This is the third in our series of quarterly freedom of information law update blogs, which focuses on the latest developments in freedom of information law under the Freedom of Information Act 2000 (FOIA) and the Environmental Information Regulations 2004 (SI 2004/3391) (EIR). The blog will enable readers advising on freedom of information law to catch up on the most important cases, issues or developments. This post looks at freedom of information law developments from July to September 2013.
Please feel free to submit a comment below or contact us at email@example.com if you have any views on the cases, issues or developments that are covered, or if you think we have missed something that should be brought to the attention of freedom of information practitioners.
AMENDMENTS TO FOIA
The Protection of Freedoms Act 2012 (POFA) introduced amendments to FOIA with effect from 1 September 2013 (under the Protection of Freedoms Act 2012 (Commencement No 8) Order 2013 (SI 2013/1906)). The amendments include new requirements that public bodies must provide datasets in response to FOIA requests:
- In a re-usable form so far as reasonably practicable.
- Licensed for re-use (if the public authority owns the copyright in the dataset).
The licence for re-use may include charging a fee for licensing re-use of the dataset, if the authority wishes. The Freedom of Information (Release of Datasets for Re-use) (Fees) Regulations 2013 (SI 2013/1997) govern the fees that public bodies can charge for the release under FOIA of the datasets in which they own copyright.
The Ministry of Justice has published a Code of Practice on datasets, giving guidance on their publication. The Information Commissioner’s Office (ICO) has also published guidance on the dataset changes to FOIA and on how to avoid inadvertent disclosures of personal or exempt data when publishing datasets. It also updated its model publication schemes, sector-specific definition documents and guidance, to reflect the datasets provisions.
In line with these changes, the Department of Health and HMRC have published consultations on the release of the datasets that they themselves hold.
POFA also amended the definition of “publicly-owned companies” in section 6 of FOIA with effect from 1 September 2013, under the Protection of Freedoms Act 2012 (Commencement No 8) Order 2013 (SI 2013/1906).

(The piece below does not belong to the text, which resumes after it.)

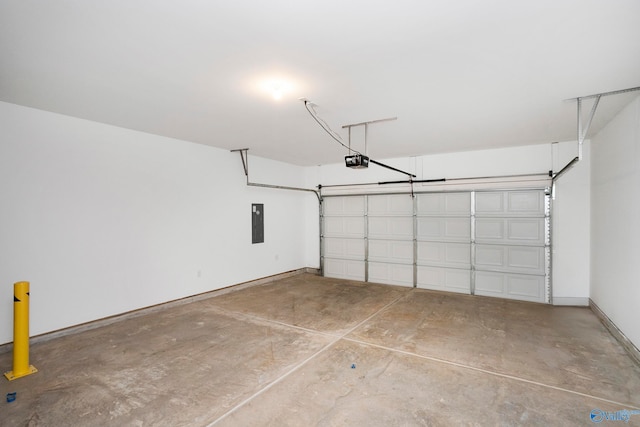 garage with a garage door opener and electric panel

On 9 August 2013, the ICO updated its guidance on public companies that are subject to FOIA, to take into account the changes to section 6.
The exemption for research material that will be inserted into FOIA by the Intellectual Property Bill 2013-14 is still not in force, as the Bill is yet to be passed. The new section 22A will provide a qualified exemption from disclosure under FOIA for continuing programmes of research intended for future publication.
CASE LAW: GENERAL
Judicial review of use of ministerial veto fails (R (Evans) v HM Attorney General and another  EWHC 1960 (Admin))
In July, the High Court rejected a judicial review challenge to the use of the section 53 FOIA ministerial veto to prevent the disclosure of advocacy correspondence between Prince Charles and government ministers dating from 2004 and 2005.
Manifestly unreasonable UT tests applied (Silverman v Information Commissioner and another (EA 2013/0027) and Yeoman v Information Commissioner and another (EA 2013/0008) and Harvey v Information Commissioner and Walberswick Parish Council (EA/2013/0022))
The First-tier Tribunal (Information Rights) (Information Tribunal) has been applying the Upper Tribunal (UT)’s recent tests for whether an information request fell under the “manifestly unreasonable” exception or vexatiousness exemption set out in ICO v Devon County Council and Dransfield.
- In cases under the EIR, it held that the environmental information requested must be published as it was in the public interest and not manifestly unreasonable to do so.
- In a FOIA case, the Information Tribunal ruled that a request for a parish council’s records of its responsiveness to previous FOIA requests was vexatious.
EIR: “public authorities” definition (Fish Legal v The Information Commissioner United Utilities, Yorkshire Water and Southern Water  EUECJ C-279/12)
An EU Advocate General gave his opinion on how to determine who is a public authority under the EIR in response to questions from the UT to the ECJ on how to decide if a natural or legal person falls within the meaning of “public authority”.
CASE LAW: PERSONAL AND PAY DATA
There have been several cases relating to the disclosure of personal or pay data this quarter:
Employee payscale information was not personal data (South Lanarkshire Council v The Scottish Information Commissioner  UKSC 55)
The Supreme Court upheld the decision of the Scottish Information Commissioner that information on the number of its employees in a particular post at a particular point on the council’s pay scales did not breach the DPA and should be provided to the applicant.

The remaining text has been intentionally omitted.